**The records**
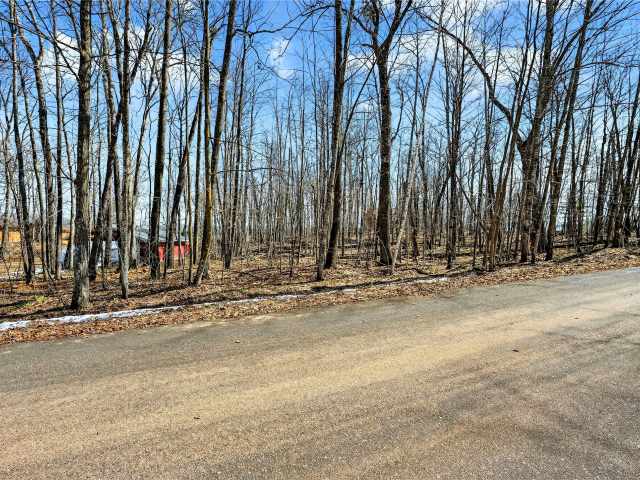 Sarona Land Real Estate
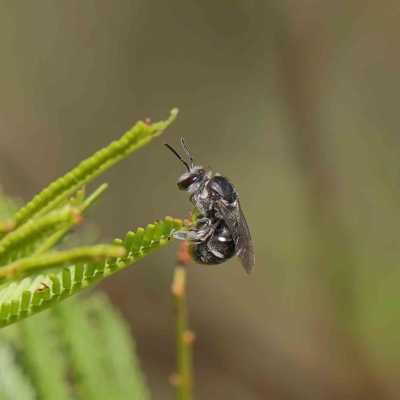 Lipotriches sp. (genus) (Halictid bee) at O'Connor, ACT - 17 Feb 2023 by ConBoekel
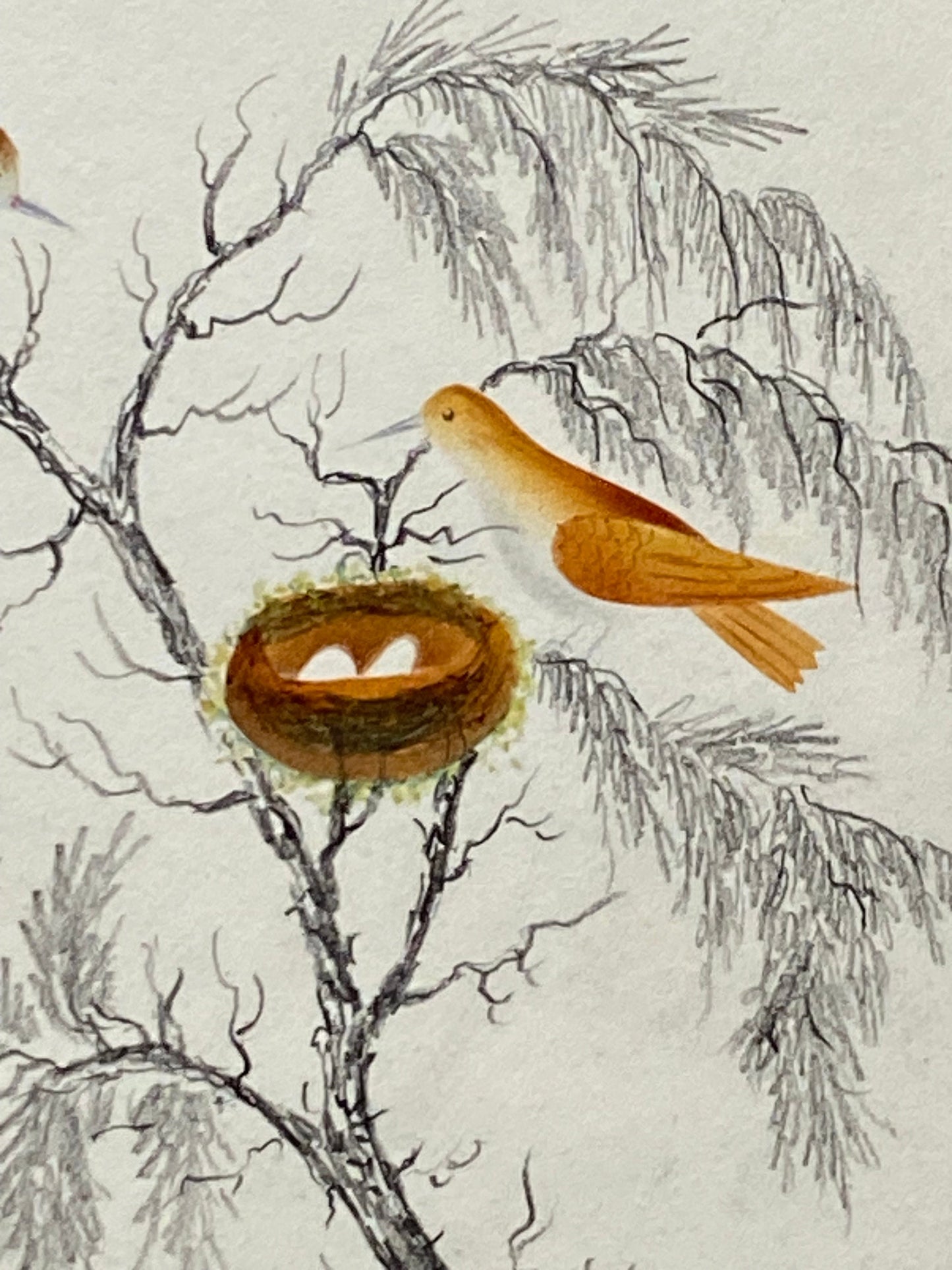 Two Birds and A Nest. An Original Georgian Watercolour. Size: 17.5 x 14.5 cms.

--

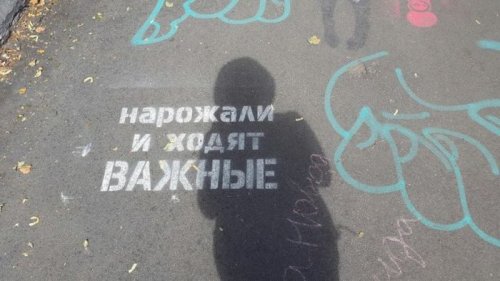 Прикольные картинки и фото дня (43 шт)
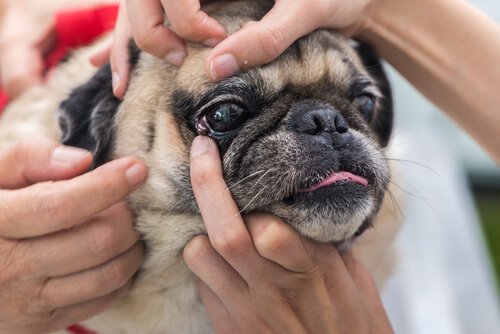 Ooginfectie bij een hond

**Brief**
Using the entries above, transcribe every line from the line containing "Sarona Land Real Estate" through the line containing "Two Birds and". Do not copy pictures.

**Answer box**
 Sarona Land Real Estate
 Lipotriches sp. (genus) (Halictid bee) at O'Connor, ACT - 17 Feb 2023 by ConBoekel
 Two Birds and A Nest. An Original Georgian Watercolour. Size: 17.5 x 14.5 cms.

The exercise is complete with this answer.